Starting at the first line of the data below, retype every line up to and including the one containing "Noosa Parade Holiday Inn".

[Scraped caption text data]
= = =

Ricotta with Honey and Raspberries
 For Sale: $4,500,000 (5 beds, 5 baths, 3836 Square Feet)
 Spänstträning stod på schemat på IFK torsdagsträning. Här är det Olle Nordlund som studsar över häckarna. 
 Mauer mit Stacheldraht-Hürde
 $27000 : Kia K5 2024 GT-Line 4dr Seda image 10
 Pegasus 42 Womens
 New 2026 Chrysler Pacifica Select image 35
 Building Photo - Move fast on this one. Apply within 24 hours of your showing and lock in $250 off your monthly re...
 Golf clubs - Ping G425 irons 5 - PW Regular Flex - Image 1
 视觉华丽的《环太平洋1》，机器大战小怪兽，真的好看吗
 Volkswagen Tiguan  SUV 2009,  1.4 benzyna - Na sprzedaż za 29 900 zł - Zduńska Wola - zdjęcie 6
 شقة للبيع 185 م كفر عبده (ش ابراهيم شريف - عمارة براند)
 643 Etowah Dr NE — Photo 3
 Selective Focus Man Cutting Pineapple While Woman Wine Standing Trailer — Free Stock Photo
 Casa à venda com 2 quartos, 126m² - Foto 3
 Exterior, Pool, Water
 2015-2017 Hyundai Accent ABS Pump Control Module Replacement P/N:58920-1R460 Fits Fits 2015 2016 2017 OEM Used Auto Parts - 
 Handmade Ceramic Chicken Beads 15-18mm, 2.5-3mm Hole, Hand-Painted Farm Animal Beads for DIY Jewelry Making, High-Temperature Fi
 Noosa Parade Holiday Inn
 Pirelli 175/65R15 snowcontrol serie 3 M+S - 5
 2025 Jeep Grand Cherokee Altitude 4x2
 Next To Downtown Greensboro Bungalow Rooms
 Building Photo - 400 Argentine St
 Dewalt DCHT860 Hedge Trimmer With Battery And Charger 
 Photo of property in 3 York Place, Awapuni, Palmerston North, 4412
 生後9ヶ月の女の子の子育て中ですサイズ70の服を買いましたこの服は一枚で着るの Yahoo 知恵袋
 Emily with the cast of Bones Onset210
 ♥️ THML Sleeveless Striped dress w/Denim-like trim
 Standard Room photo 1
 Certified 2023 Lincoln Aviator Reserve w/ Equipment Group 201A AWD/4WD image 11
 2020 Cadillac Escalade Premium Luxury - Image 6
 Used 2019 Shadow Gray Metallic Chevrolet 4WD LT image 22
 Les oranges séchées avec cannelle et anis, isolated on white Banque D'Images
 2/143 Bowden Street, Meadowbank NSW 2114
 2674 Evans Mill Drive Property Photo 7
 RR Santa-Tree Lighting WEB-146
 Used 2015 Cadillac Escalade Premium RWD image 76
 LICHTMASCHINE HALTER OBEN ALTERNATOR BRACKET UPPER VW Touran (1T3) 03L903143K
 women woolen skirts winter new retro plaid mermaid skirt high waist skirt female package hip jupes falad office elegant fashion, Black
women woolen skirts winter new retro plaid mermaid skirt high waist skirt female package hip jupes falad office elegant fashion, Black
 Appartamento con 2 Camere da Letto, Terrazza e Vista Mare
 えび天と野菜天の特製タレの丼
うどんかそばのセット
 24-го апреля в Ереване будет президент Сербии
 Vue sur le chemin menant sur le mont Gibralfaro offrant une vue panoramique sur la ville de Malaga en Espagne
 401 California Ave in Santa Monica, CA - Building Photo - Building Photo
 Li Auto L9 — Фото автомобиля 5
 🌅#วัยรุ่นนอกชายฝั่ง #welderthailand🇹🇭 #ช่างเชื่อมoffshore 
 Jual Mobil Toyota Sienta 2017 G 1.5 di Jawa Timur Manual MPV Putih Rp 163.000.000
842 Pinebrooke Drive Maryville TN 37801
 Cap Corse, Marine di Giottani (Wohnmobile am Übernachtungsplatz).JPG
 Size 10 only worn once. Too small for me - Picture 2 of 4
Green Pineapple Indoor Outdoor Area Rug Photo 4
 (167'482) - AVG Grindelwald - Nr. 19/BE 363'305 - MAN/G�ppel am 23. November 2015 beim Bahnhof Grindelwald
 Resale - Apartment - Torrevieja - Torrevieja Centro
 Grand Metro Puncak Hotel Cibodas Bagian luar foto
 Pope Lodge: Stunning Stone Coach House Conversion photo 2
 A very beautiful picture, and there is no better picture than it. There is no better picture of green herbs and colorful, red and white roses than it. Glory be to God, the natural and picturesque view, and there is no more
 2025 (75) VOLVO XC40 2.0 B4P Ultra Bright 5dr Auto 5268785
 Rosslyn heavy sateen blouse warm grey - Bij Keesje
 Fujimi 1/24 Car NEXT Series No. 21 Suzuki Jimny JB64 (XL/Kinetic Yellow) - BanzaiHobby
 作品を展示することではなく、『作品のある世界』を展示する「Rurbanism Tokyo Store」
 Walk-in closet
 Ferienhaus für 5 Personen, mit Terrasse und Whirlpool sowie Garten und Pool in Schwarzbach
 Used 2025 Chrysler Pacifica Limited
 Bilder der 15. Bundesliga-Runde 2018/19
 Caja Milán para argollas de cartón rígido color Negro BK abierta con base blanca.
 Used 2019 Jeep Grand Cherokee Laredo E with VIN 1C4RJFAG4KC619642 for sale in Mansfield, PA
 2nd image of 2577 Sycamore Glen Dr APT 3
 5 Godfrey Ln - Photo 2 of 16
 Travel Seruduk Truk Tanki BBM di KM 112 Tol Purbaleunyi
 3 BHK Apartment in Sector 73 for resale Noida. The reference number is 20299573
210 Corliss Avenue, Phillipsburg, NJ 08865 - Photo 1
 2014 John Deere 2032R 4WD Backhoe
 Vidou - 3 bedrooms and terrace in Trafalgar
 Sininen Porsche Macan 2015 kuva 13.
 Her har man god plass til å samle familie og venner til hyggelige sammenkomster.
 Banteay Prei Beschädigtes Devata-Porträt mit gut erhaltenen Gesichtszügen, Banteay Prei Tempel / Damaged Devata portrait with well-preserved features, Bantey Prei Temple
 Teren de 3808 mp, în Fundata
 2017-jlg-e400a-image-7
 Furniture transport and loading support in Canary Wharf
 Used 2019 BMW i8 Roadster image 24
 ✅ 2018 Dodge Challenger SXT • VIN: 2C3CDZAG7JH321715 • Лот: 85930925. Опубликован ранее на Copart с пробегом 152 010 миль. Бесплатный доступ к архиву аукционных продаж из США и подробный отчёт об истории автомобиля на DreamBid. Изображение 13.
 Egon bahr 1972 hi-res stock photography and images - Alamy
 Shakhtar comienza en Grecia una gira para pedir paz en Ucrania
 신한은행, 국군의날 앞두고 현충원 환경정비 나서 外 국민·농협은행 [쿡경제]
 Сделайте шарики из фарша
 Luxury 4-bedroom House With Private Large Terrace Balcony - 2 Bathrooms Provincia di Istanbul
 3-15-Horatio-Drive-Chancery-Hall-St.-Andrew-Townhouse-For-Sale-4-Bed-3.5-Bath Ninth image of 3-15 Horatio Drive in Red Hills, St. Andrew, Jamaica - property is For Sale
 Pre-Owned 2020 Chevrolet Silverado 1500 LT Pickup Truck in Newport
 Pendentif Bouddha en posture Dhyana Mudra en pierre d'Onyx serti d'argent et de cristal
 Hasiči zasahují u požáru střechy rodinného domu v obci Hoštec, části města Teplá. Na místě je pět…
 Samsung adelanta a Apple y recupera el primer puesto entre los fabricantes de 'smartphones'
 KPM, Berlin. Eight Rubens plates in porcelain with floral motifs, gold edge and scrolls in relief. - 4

= = =

• **Output below**
Ricotta with Honey and Raspberries
 For Sale: $4,500,000 (5 beds, 5 baths, 3836 Square Feet)
 Spänstträning stod på schemat på IFK torsdagsträning. Här är det Olle Nordlund som studsar över häckarna. 
 Mauer mit Stacheldraht-Hürde
 $27000 : Kia K5 2024 GT-Line 4dr Seda image 10
 Pegasus 42 Womens
 New 2026 Chrysler Pacifica Select image 35
 Building Photo - Move fast on this one. Apply within 24 hours of your showing and lock in $250 off your monthly re...
 Golf clubs - Ping G425 irons 5 - PW Regular Flex - Image 1
 视觉华丽的《环太平洋1》，机器大战小怪兽，真的好看吗
 Volkswagen Tiguan  SUV 2009,  1.4 benzyna - Na sprzedaż za 29 900 zł - Zduńska Wola - zdjęcie 6
 شقة للبيع 185 م كفر عبده (ش ابراهيم شريف - عمارة براند)
 643 Etowah Dr NE — Photo 3
 Selective Focus Man Cutting Pineapple While Woman Wine Standing Trailer — Free Stock Photo
 Casa à venda com 2 quartos, 126m² - Foto 3
 Exterior, Pool, Water
 2015-2017 Hyundai Accent ABS Pump Control Module Replacement P/N:58920-1R460 Fits Fits 2015 2016 2017 OEM Used Auto Parts - 
 Handmade Ceramic Chicken Beads 15-18mm, 2.5-3mm Hole, Hand-Painted Farm Animal Beads for DIY Jewelry Making, High-Temperature Fi
 Noosa Parade Holiday Inn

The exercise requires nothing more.